WHAT TO WORK ON: Copy, exactly and without additions, every line in the records below from the one holding "Bibim Naengmyeon nouilles" through the one holding "Ev modelinde proje", both ends included.

RECORD EXCERPTS:
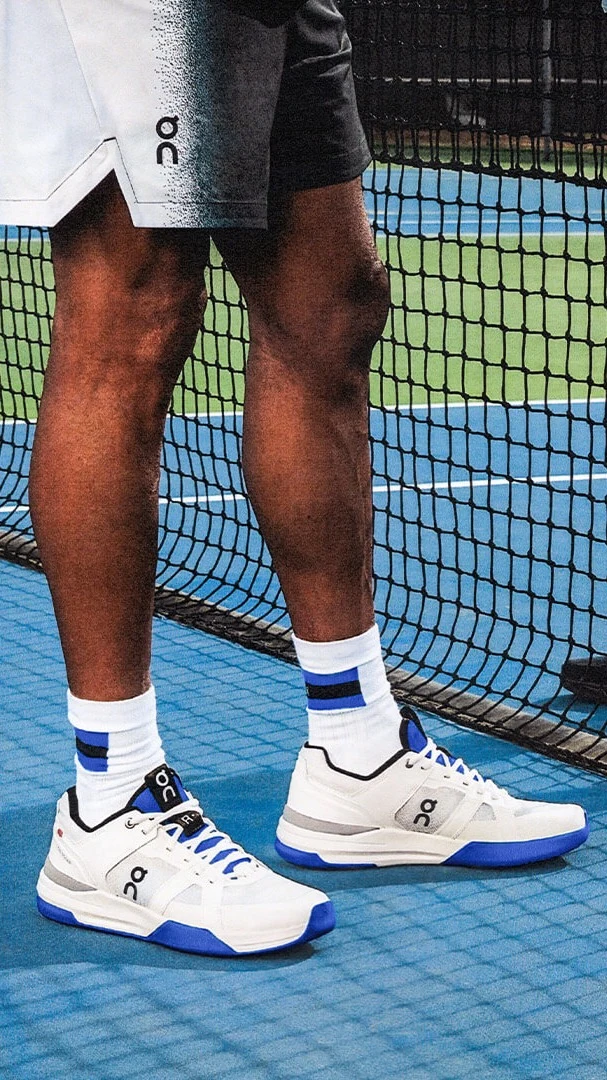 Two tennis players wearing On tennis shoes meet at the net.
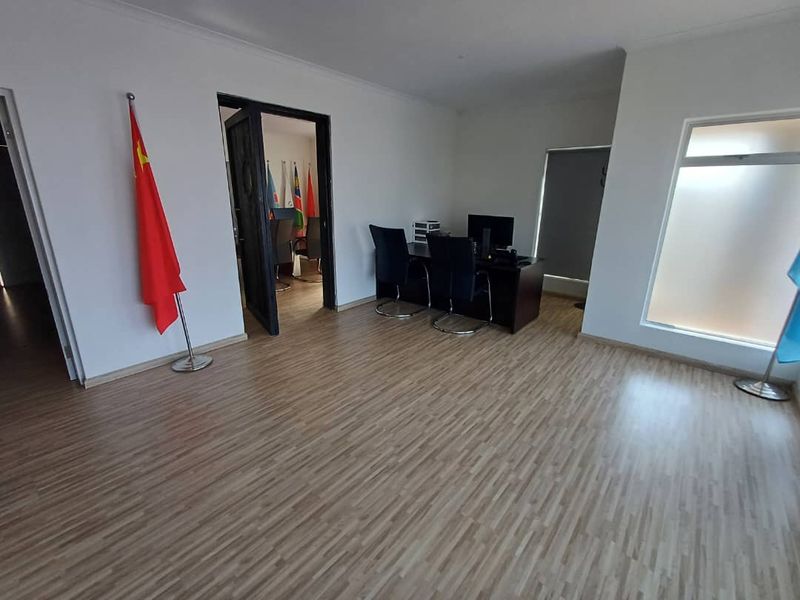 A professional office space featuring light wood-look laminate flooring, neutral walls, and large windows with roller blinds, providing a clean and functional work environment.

* * *

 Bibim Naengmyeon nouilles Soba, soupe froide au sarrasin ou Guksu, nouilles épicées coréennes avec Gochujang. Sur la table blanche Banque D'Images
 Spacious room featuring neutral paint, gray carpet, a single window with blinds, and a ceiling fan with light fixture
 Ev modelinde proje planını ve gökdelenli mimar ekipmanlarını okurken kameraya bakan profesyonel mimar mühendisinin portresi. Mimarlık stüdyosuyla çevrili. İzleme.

RESULT OF THIS EXERCISE:
 Bibim Naengmyeon nouilles Soba, soupe froide au sarrasin ou Guksu, nouilles épicées coréennes avec Gochujang. Sur la table blanche Banque D'Images
 Spacious room featuring neutral paint, gray carpet, a single window with blinds, and a ceiling fan with light fixture
 Ev modelinde proje planını ve gökdelenli mimar ekipmanlarını okurken kameraya bakan profesyonel mimar mühendisinin portresi. Mimarlık stüdyosuyla çevrili. İzleme.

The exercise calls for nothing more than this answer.